What you should give back is a precise copy of the lines below from the one containing "Expansive backyard featuring" through the one containing "Top-down view of", with no pictures.
Start of Dataset content
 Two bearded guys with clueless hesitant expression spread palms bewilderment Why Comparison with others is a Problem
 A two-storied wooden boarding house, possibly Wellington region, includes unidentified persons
End of Dataset content
Start of Dataset content
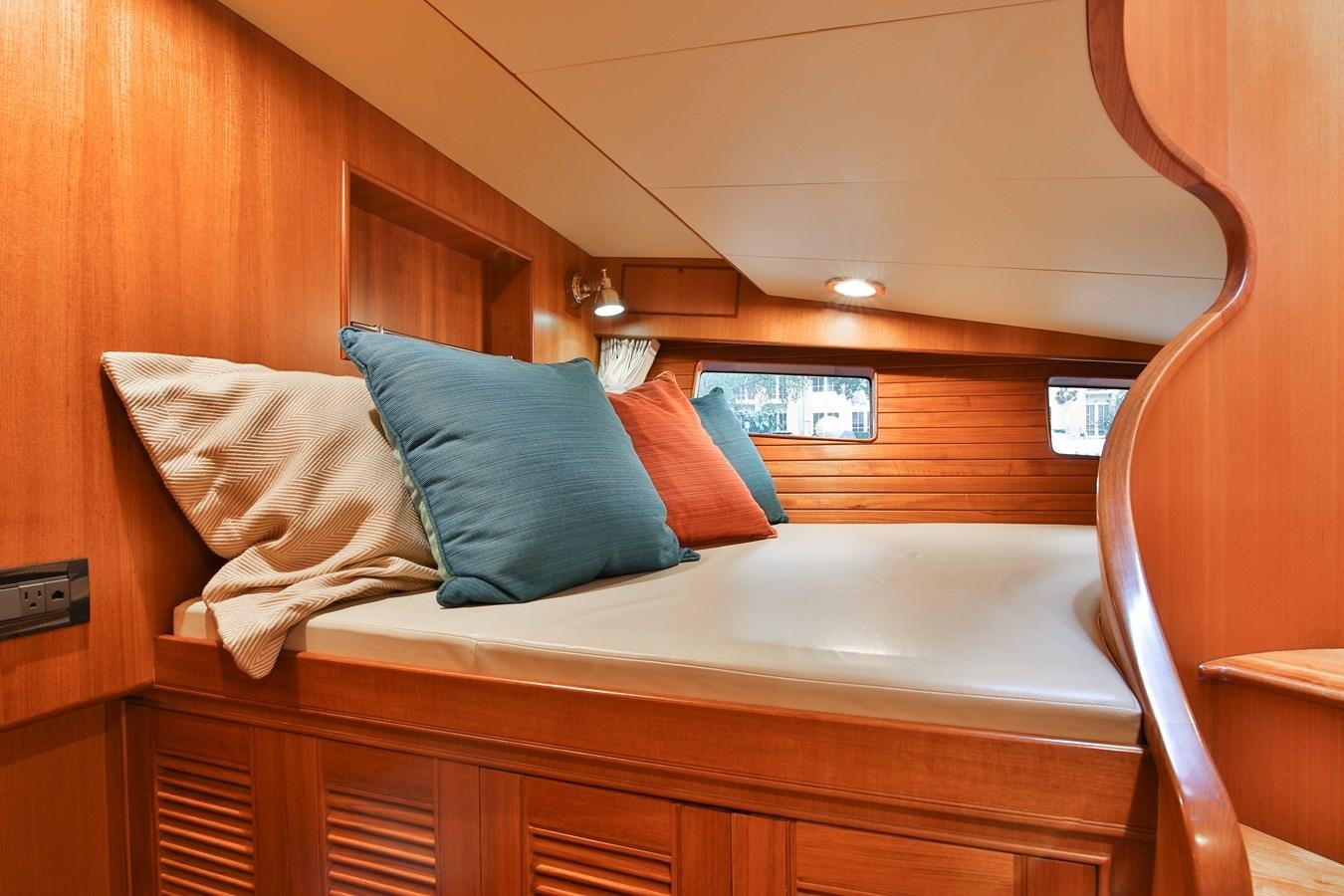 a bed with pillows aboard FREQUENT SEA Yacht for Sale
End of Dataset content
Start of Dataset content
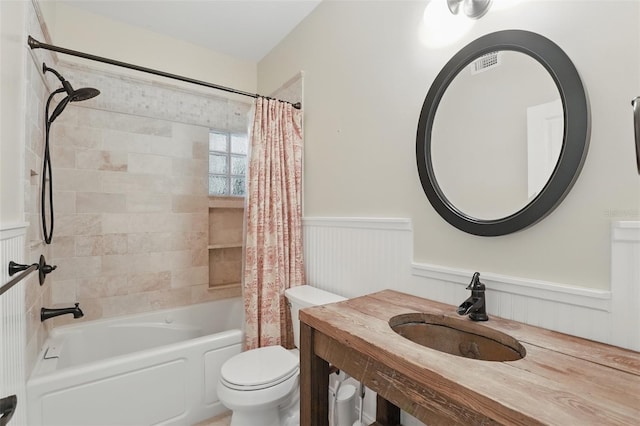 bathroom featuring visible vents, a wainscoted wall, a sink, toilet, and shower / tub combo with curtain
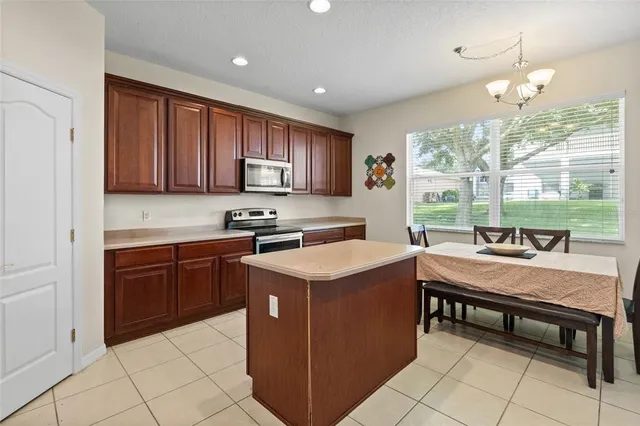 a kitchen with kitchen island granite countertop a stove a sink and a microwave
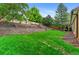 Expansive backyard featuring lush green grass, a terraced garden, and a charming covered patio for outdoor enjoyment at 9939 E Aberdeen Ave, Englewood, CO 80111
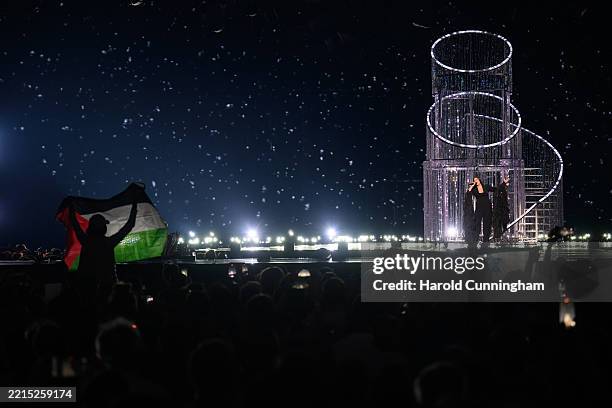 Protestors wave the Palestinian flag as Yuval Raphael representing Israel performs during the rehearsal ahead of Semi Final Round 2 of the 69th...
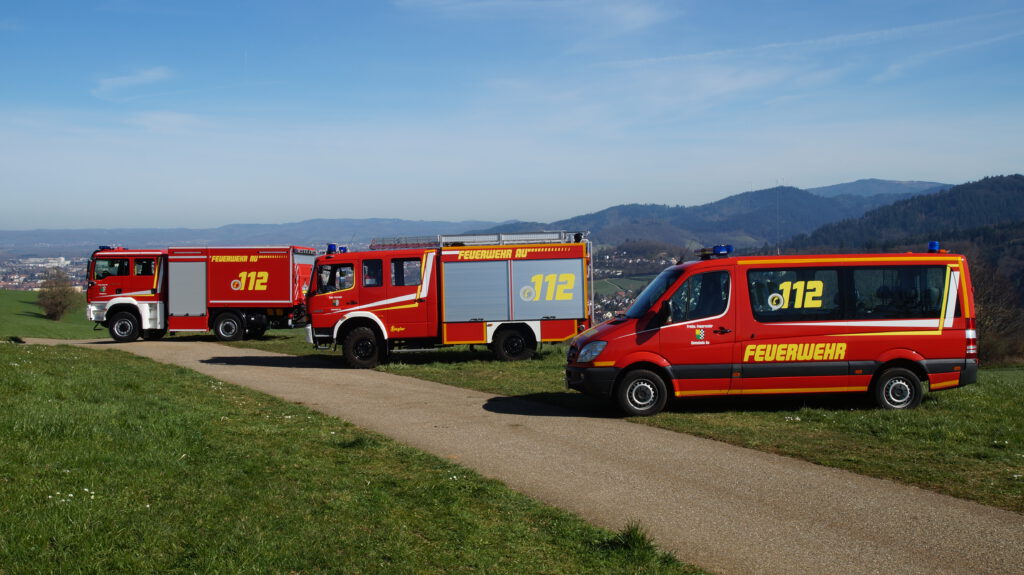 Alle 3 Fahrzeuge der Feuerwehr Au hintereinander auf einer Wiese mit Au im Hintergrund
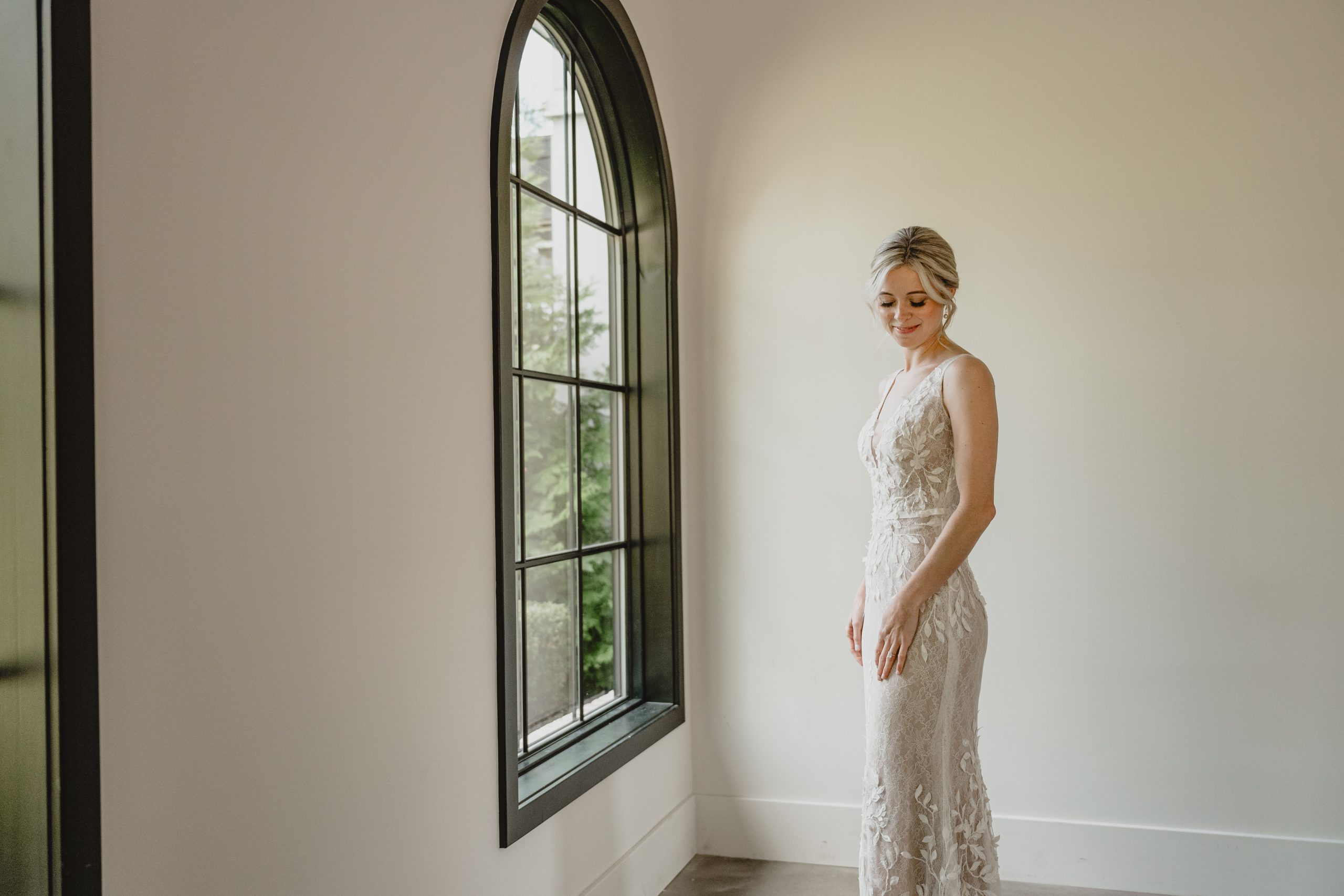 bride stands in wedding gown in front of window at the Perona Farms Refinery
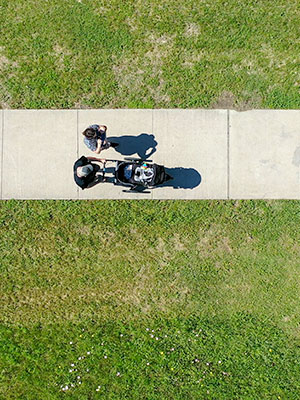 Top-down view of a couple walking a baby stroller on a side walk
End of Dataset content
- [Written response]
 Expansive backyard featuring lush green grass, a terraced garden, and a charming covered patio for outdoor enjoyment at 9939 E Aberdeen Ave, Englewood, CO 80111
 Protestors wave the Palestinian flag as Yuval Raphael representing Israel performs during the rehearsal ahead of Semi Final Round 2 of the 69th...
 Alle 3 Fahrzeuge der Feuerwehr Au hintereinander auf einer Wiese mit Au im Hintergrund
 bride stands in wedding gown in front of window at the Perona Farms Refinery
 Top-down view of a couple walking a baby stroller on a side walk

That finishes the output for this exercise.